DATA IN THIS EXERCISE:
========================================================================

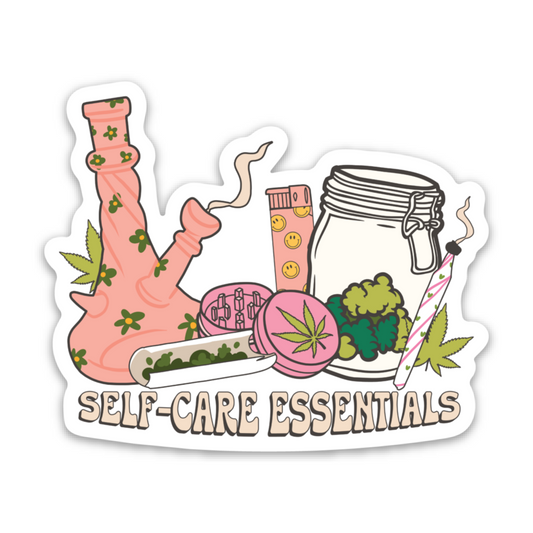 Self Care Stoner | Weatherproof Sticker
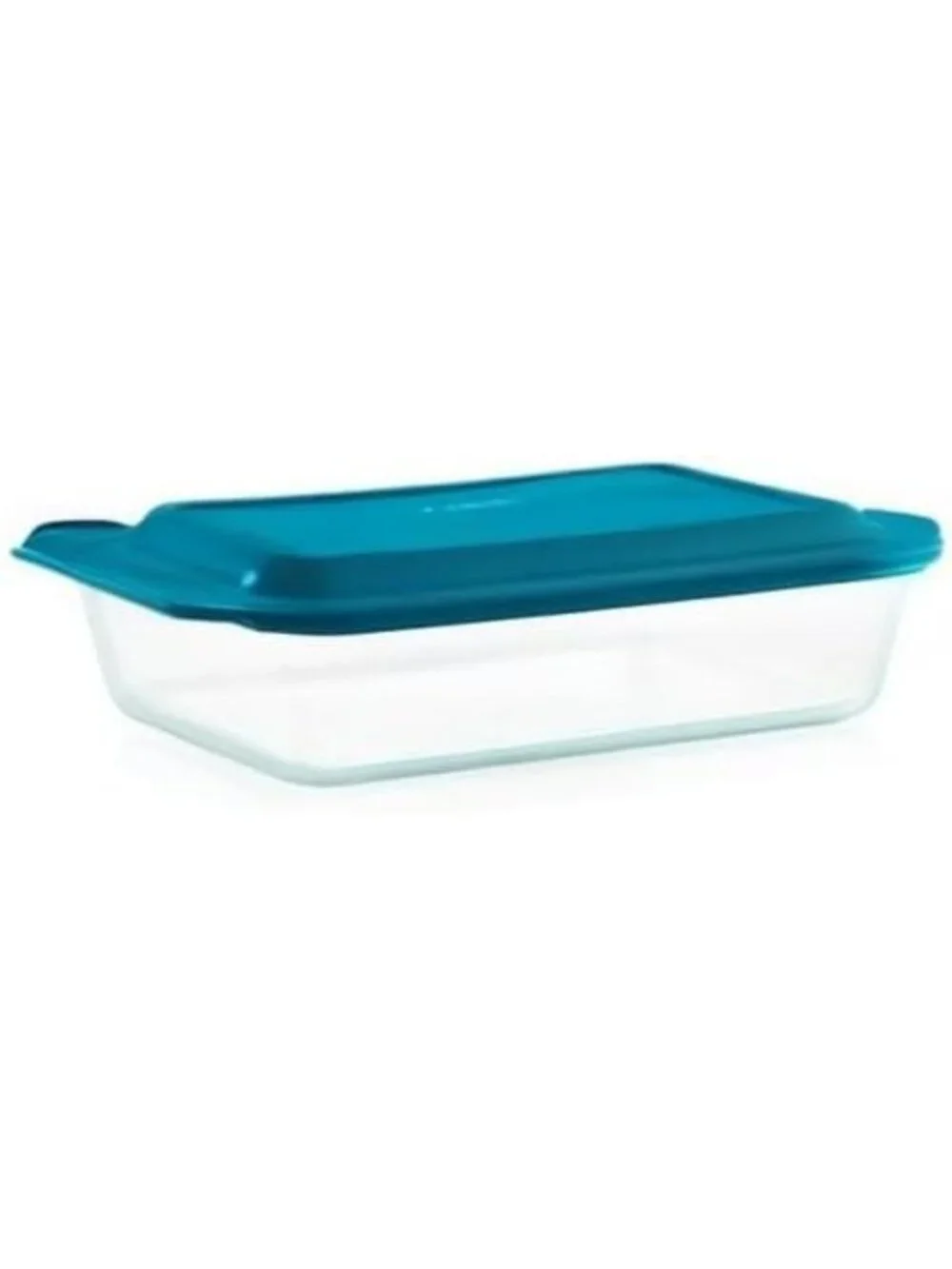 Deep 9x13-Inch Glass Baking Dish with Lid - Oven, Freezer & Microwave Safe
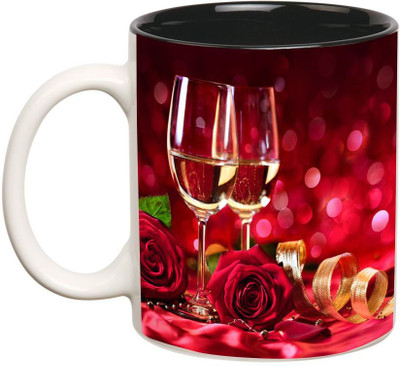 

Prithish In Love With You Double Color Ceramic Mug(330 ml), Multicolor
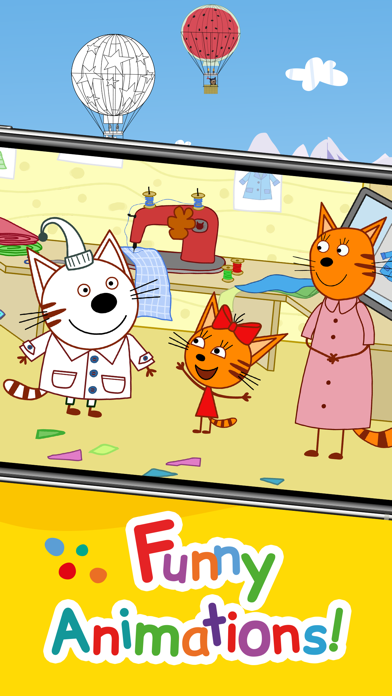 Kid-E-Cats: Draw & Color Games Screenshot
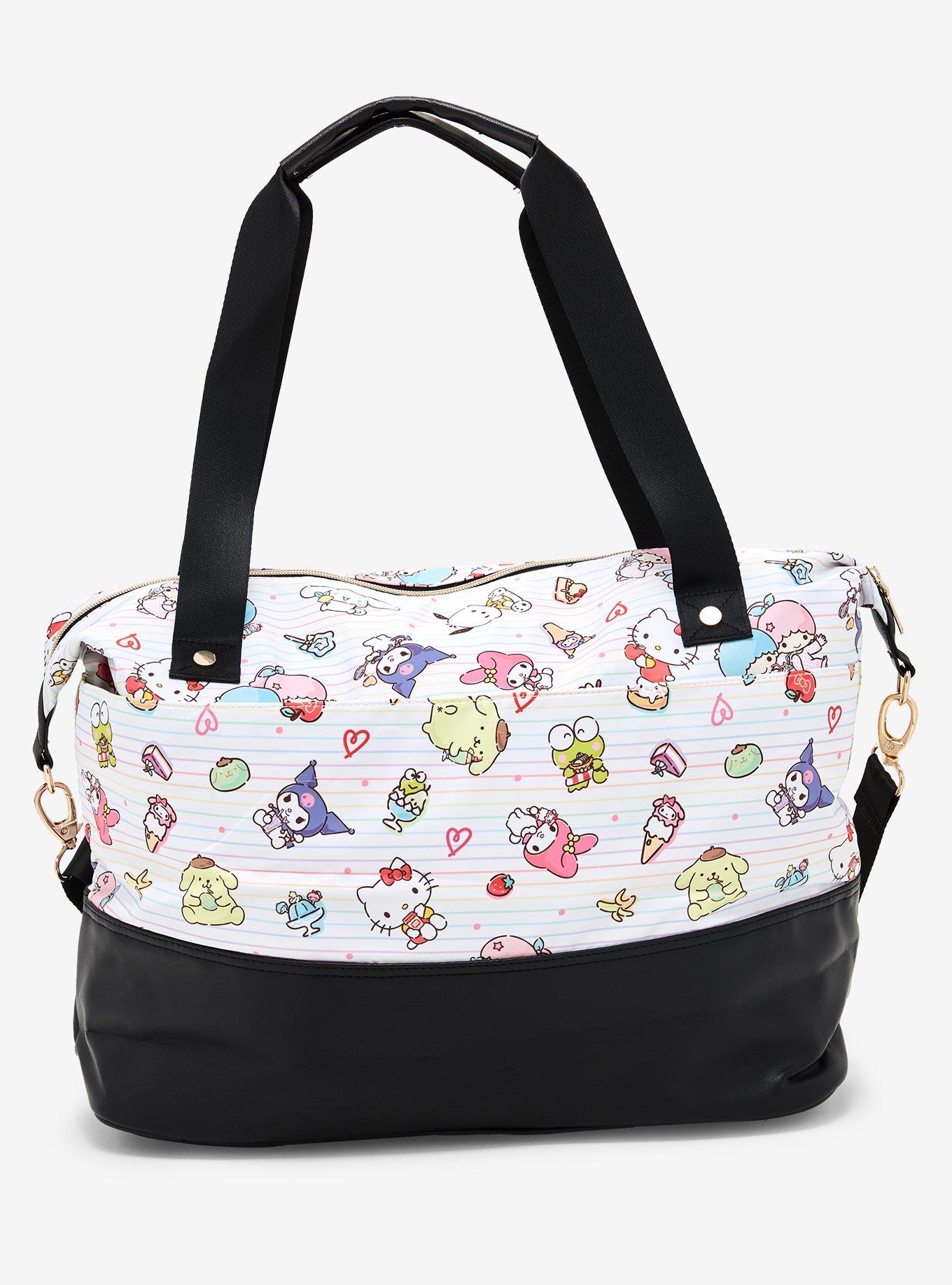 Sanrio Hello Kitty and Friends Desserts Allover Print Tote Bag, , alternate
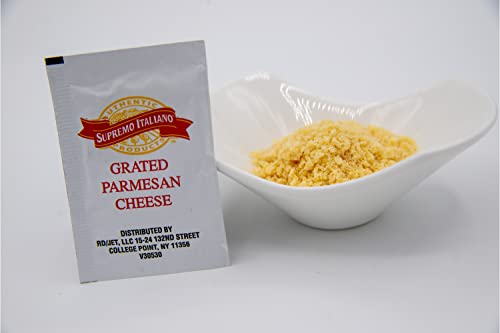 Natural Grated Parmesan Cheese 50 Packet Bundle. Includes 50 Supremo Italiano -3.5 Gram Individually Portioned Packets Of Natural Grated Parmesan Cheese In A Despensa Colombiana Value Bag - These Parmesan Cheese Packets Are Great For Pizza, Pasta And More! #TOP1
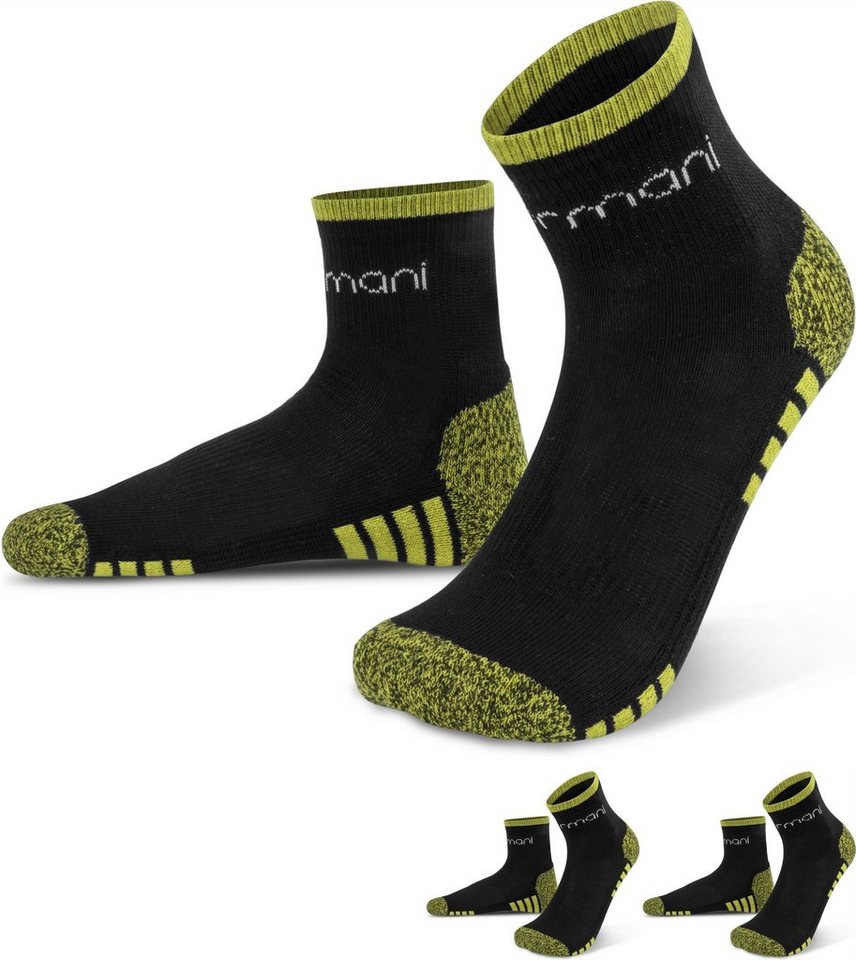 normani Sportsocken 3 Paar Kurzschaft-Funktionssocken mit Frotteesohle (3 Paar) kurzer Schaft mit elastischem Aktivbund von normani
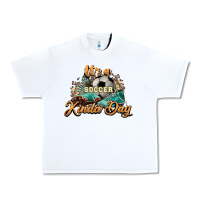 White It's a Soccer Kinda Day Urban Heavy Tee - HowdyJamesFarm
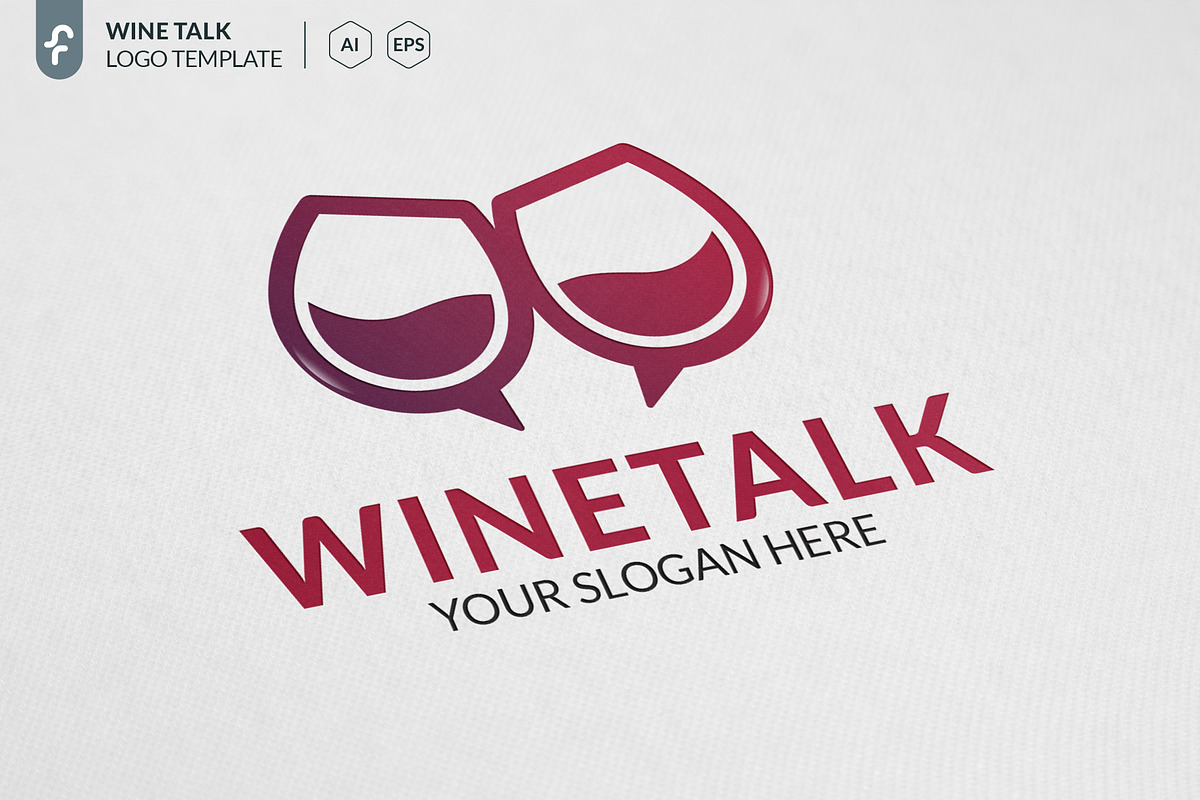 Wine Talk Logo in Logo Templates - product preview 8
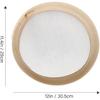Amosfun Household Flour Sifter Wooden Mesh Flour Strainer 60 Mesh Round Sifter for Baking Cake Bread, 11 Inch Diamater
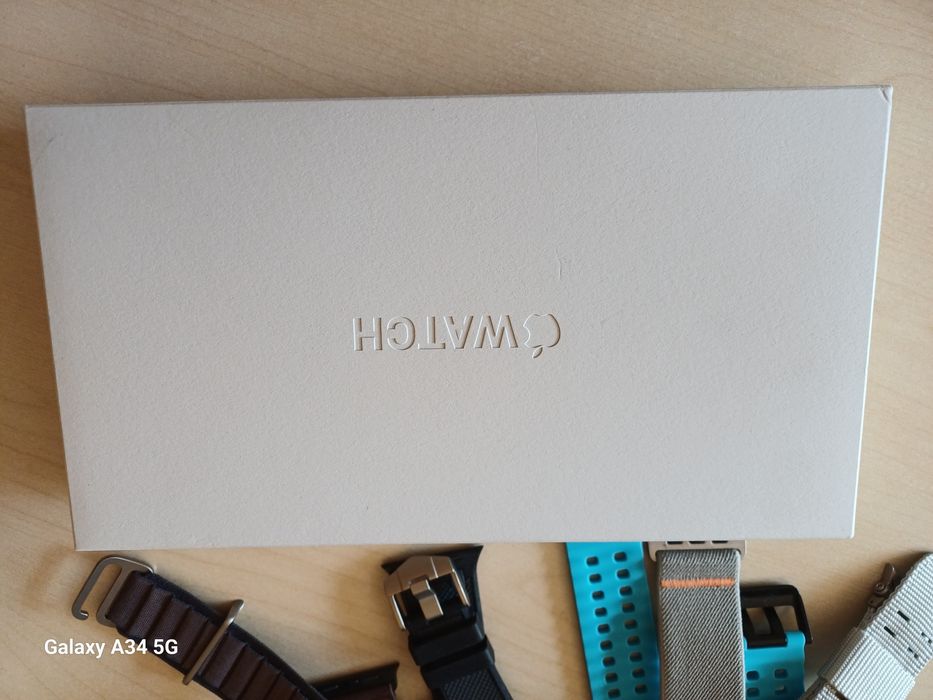 Apple watch Ultra 2 Titanium orange + 3 curele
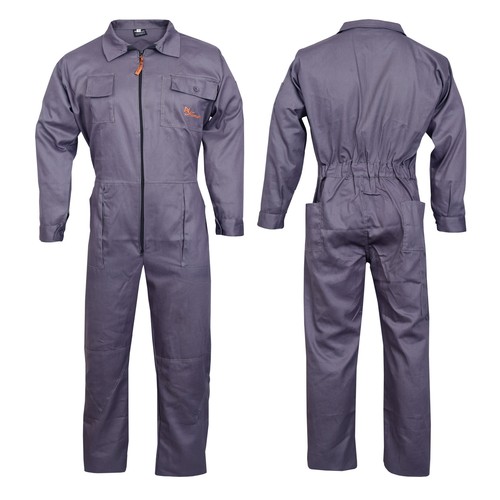 Grey coveralls boiler - coveralls,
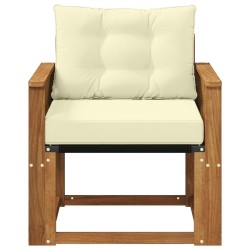 Sofa de milieu extérieur Bois d'acacia massif et Textilène 637386637386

========================================================================

Lines from the one containing "Amosfun Household Flour" through the end of the entries above, both included, are to be written out exactly; no pictures and no other lines.

RESPONSE FOR THIS EXERCISE:
Amosfun Household Flour Sifter Wooden Mesh Flour Strainer 60 Mesh Round Sifter for Baking Cake Bread, 11 Inch Diamater
 Apple watch Ultra 2 Titanium orange + 3 curele
 Grey coveralls boiler - coveralls,
 Sofa de milieu extérieur Bois d'acacia massif et Textilène 637386637386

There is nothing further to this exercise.